Title: The Collapsing Empire
Author: John Scalzi
Series: The Interdependency #1
In the far future, humanity has left Earth to create a glorious empire. Now this interstellar network of worlds faces disaster – but can three individuals save their people?
The empire’s outposts are utterly dependent on each other for resources, a safeguard against war, and a way its rulers can exert control. This relies on extra-dimensional pathways between the stars, connecting worlds. But ‘The Flow’ is changing course, which could plunge every colony into fatal isolation.
A scientist will risk his life to inform the empire’s ruler. A scion of a Merchant House stumbles upon conspirators seeking power. And the new Empress of the Interdependency must battle lies, rebellion and treason. Yet as they work to save a civilisation on the brink of collapse, others have very different plans . . .
I have made no secret of the fact I am a huge fan of Scalzi’s work. He is firmly on my auto-buy authors list and the start of this brand new Space Opera has done nothing to knock him from the position of my favourite Sci-fi writers.
In the Collapsing Empire, Scalzi builds a believable future for the human race, and populates it with realistic, flawed and emotional characters. The universe combines plausible, yet digestible, well researched, science with fantastical future thinking to create an almost Old west feel to Interdependency. The Interdependecy itself is a collection of human colonies spread out across the universe that are dependent on each other for the products that are produced by the other planets. It is deemed an Empire, and is ruled over by an Emperox but it is really the merchant guilds that hold true power.

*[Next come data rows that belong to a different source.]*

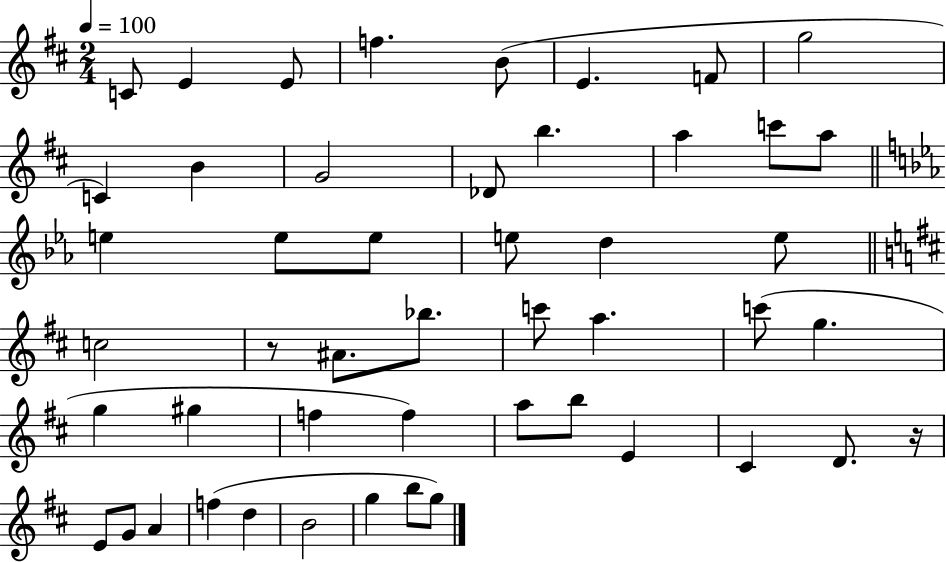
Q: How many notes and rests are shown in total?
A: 49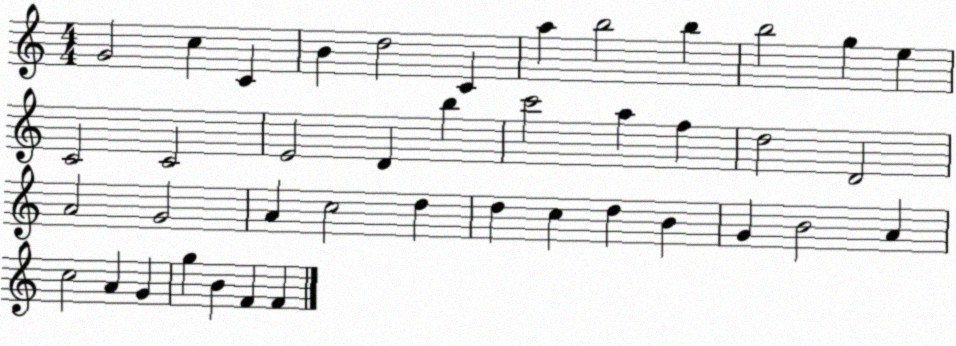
X:1
T:Untitled
M:4/4
L:1/4
K:C
G2 c C B d2 C a b2 b b2 g e C2 C2 E2 D b c'2 a f d2 D2 A2 G2 A c2 d d c d B G B2 A c2 A G g B F F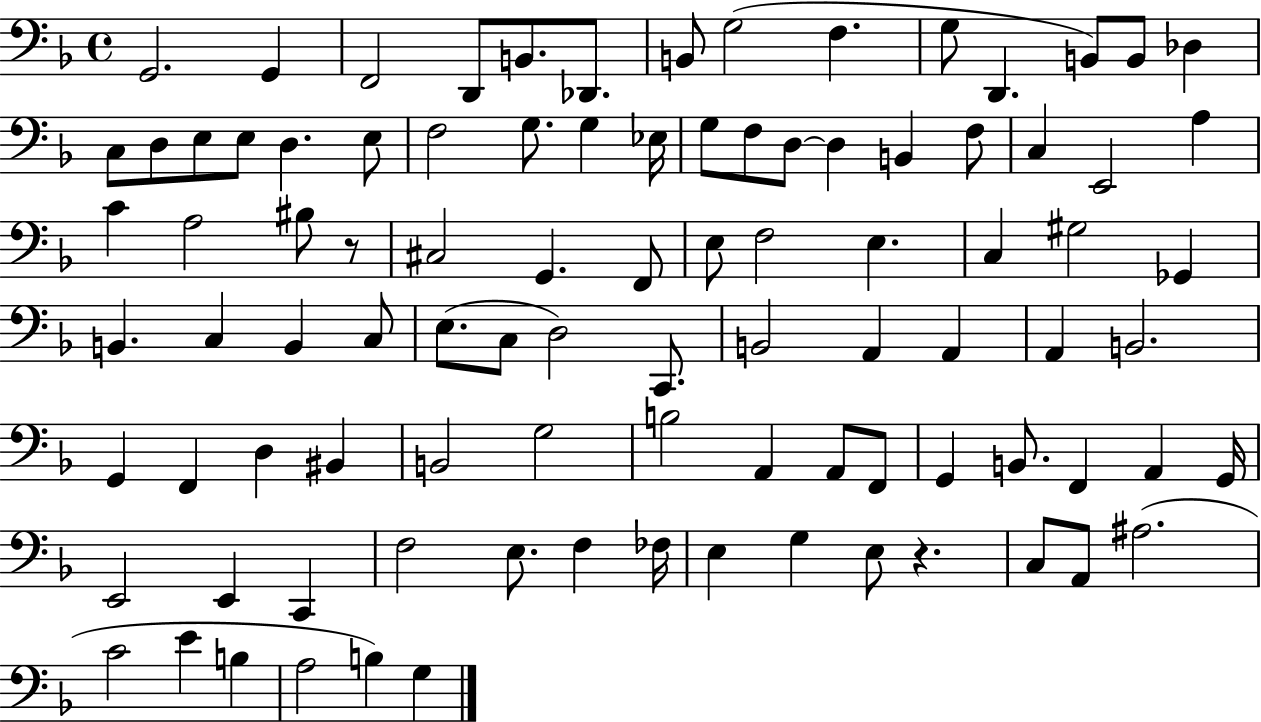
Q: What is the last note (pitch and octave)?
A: G3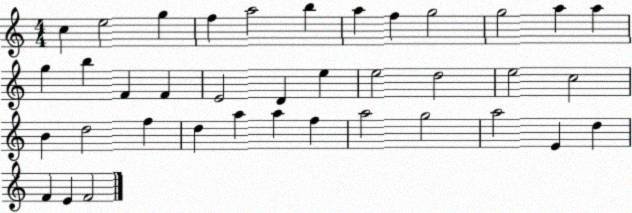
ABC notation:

X:1
T:Untitled
M:4/4
L:1/4
K:C
c e2 g f a2 b a f g2 g2 a a g b F F E2 D e e2 d2 e2 c2 B d2 f d a a f a2 g2 a2 E d F E F2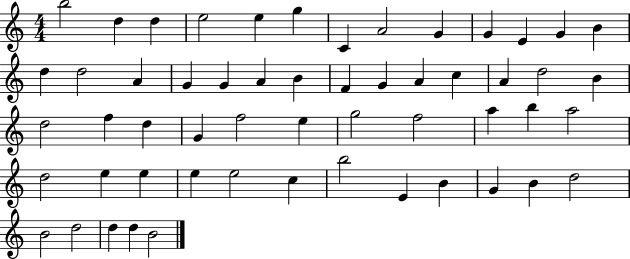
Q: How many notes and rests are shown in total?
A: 55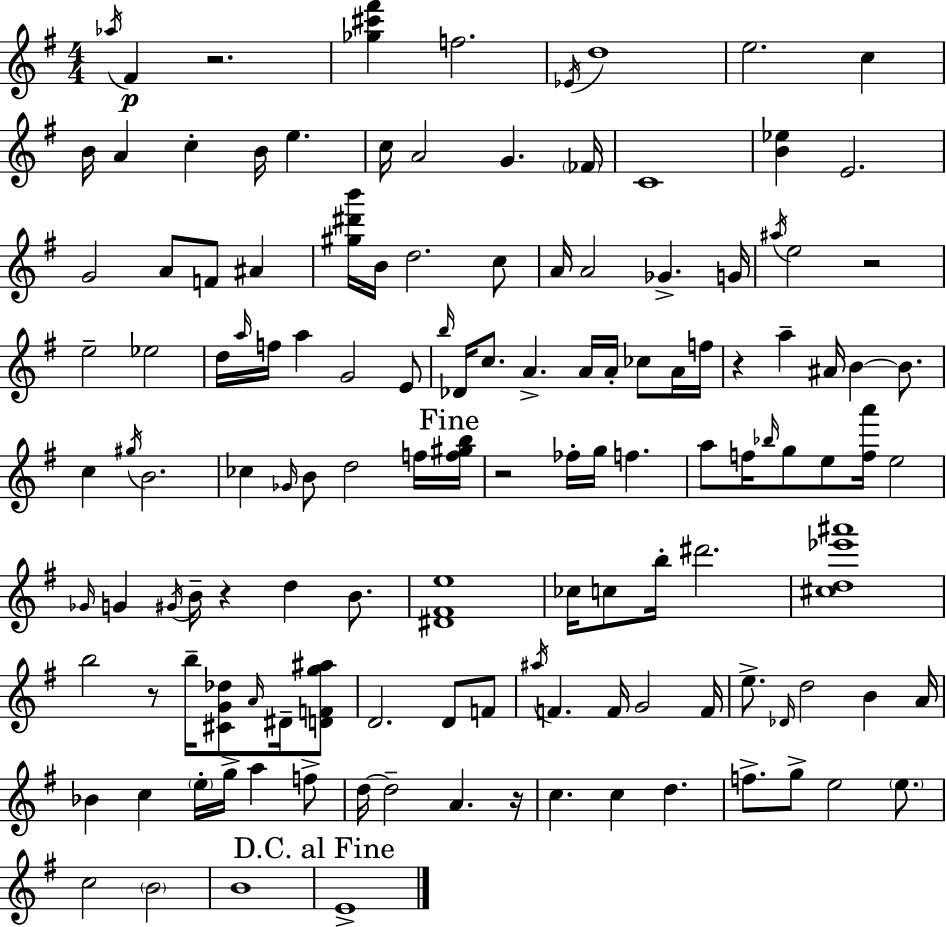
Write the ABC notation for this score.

X:1
T:Untitled
M:4/4
L:1/4
K:G
_a/4 ^F z2 [_g^c'^f'] f2 _E/4 d4 e2 c B/4 A c B/4 e c/4 A2 G _F/4 C4 [B_e] E2 G2 A/2 F/2 ^A [^g^d'b']/4 B/4 d2 c/2 A/4 A2 _G G/4 ^a/4 e2 z2 e2 _e2 d/4 a/4 f/4 a G2 E/2 b/4 _D/4 c/2 A A/4 A/4 _c/2 A/4 f/4 z a ^A/4 B B/2 c ^g/4 B2 _c _G/4 B/2 d2 f/4 [f^gb]/4 z2 _f/4 g/4 f a/2 f/4 _b/4 g/2 e/2 [fa']/4 e2 _G/4 G ^G/4 B/4 z d B/2 [^D^Fe]4 _c/4 c/2 b/4 ^d'2 [^cd_e'^a']4 b2 z/2 b/4 [^CG_d]/2 A/4 ^D/4 [DFg^a]/2 D2 D/2 F/2 ^a/4 F F/4 G2 F/4 e/2 _D/4 d2 B A/4 _B c e/4 g/4 a f/2 d/4 d2 A z/4 c c d f/2 g/2 e2 e/2 c2 B2 B4 E4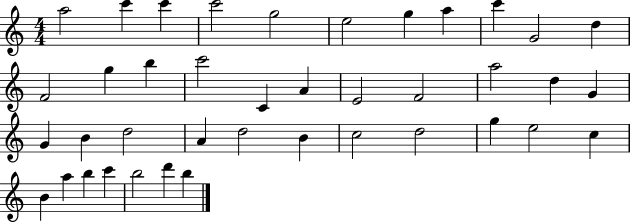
A5/h C6/q C6/q C6/h G5/h E5/h G5/q A5/q C6/q G4/h D5/q F4/h G5/q B5/q C6/h C4/q A4/q E4/h F4/h A5/h D5/q G4/q G4/q B4/q D5/h A4/q D5/h B4/q C5/h D5/h G5/q E5/h C5/q B4/q A5/q B5/q C6/q B5/h D6/q B5/q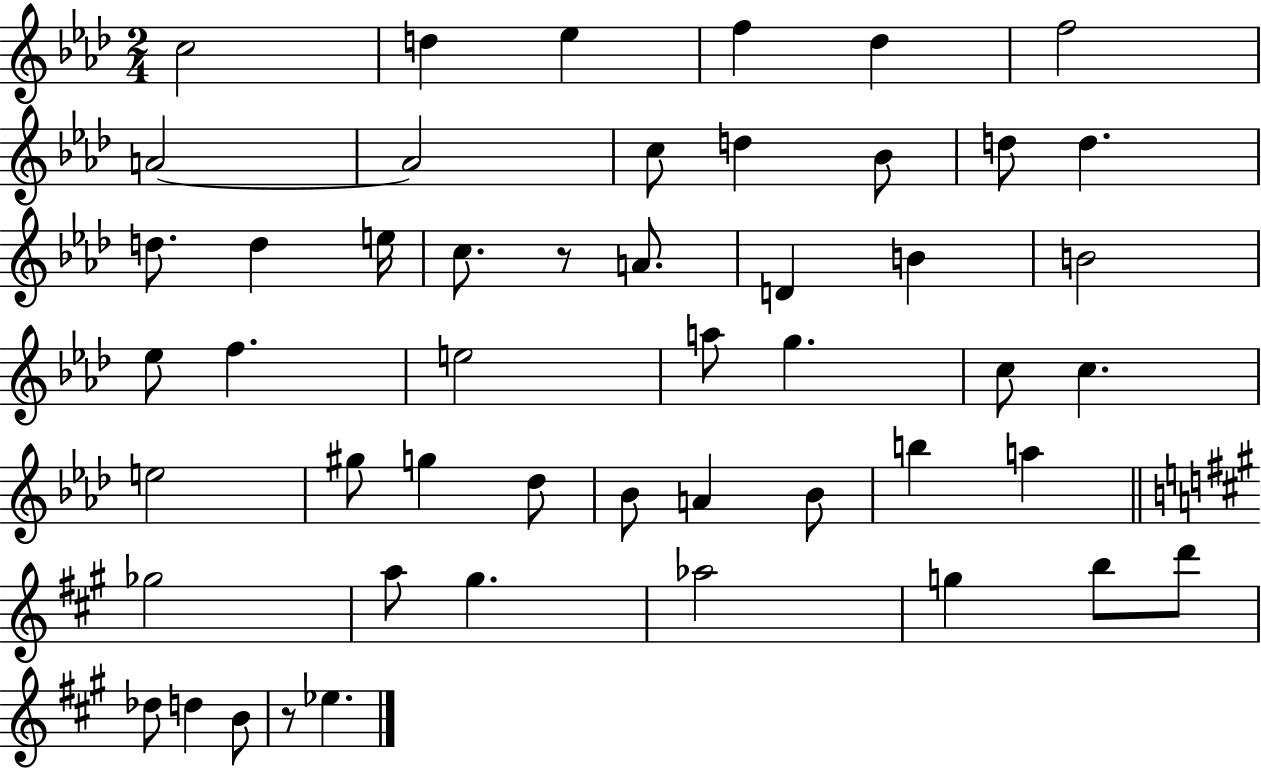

There is no FTL travel in this universe, instead humans have expanded out into the galaxy using “The Flow”, a naturally occurring set of currents that when entered allow spacecraft to reach suitable speeds to traverse between the various colonies. Though initially unbeknown to our protagonists these highways through space are starting to rearrange themselves, as this starts to reveal itself we follow our main characters as they start to plan for the unthinkable, some on how to save the people that will become isolated, others on how to politically manoeuvre their way up to totem pole.
It is most definitely a world-building novel. Scalzi is secure in a contract and knows that the next book is already sold to the publisher so therefore this book focuses on drawing us in, giving us the information we need and giving us time to get to know the characters (all the things that usually cause the 2nd book slump in unsecured series, as you want that same level of action and resolve that you got in the first book). This really worked for me, as while it still maintains the fast pace and action packed scenes I expect from a Scalzi novel we also got a real introduction to the Interdependency without detracting from the action. Though sometimes it did info dump in a very obvious way, that could have been interwoven into the narration better.
The book itself has three main narrators (if we discount the interlude), two of which are strong relatable women! I have spoke before that he has included scenes that make his female characters feel real, they act like normal people, for example one grinds their teeth through period pain to get on with ruling the galaxy, or sneaking five minutes of piece for herself as she is using the bathroom. There is no feeling of tokenism to them or these scenes, the are just interwoven into the mass of complex emotions and thoughts these characters have as we follow their aspects of the story. They just don’t seem forced to be “strong independent women” they just are. One of the reasons I enjoy Scalzi’s work so much is I have known people exactly like these characters.
I feel this is mostly because of Scalzi’s writing style which this book has a firm grounding in. It is most defiantly NOT literary fiction! It is not meant to whisk you away with lyrical prose or bog you down in detail. It is fun, funny, a little whimsical, very sweary (if you don’t like the use of swearing then he isn’t the writer for you) and dialogue heavy writing. His dialogues are great, they are very natural conversations that effortlessly flow back and fourth between the characters. I just enjoy his use of language, the nonchalant way huge plot twists are just thrown onto the page to just slap the reader, his sense of humour and his application of the choice swearing and insults e.g. my favourite
The names of the Spaceships are fantastic, that and a bit of a cruel move on Scalzi’s part filling his readers with the dreaded earworms as they read. Some names include the “Tell Me Another One” and the “Yes Sir, That’s My Baby” (I found myself singing that one for days after finishing reading, in fact i am humming it now! Damn you Scalzi!).
For me it was another Scalzi hit and I will happily keep reading this series.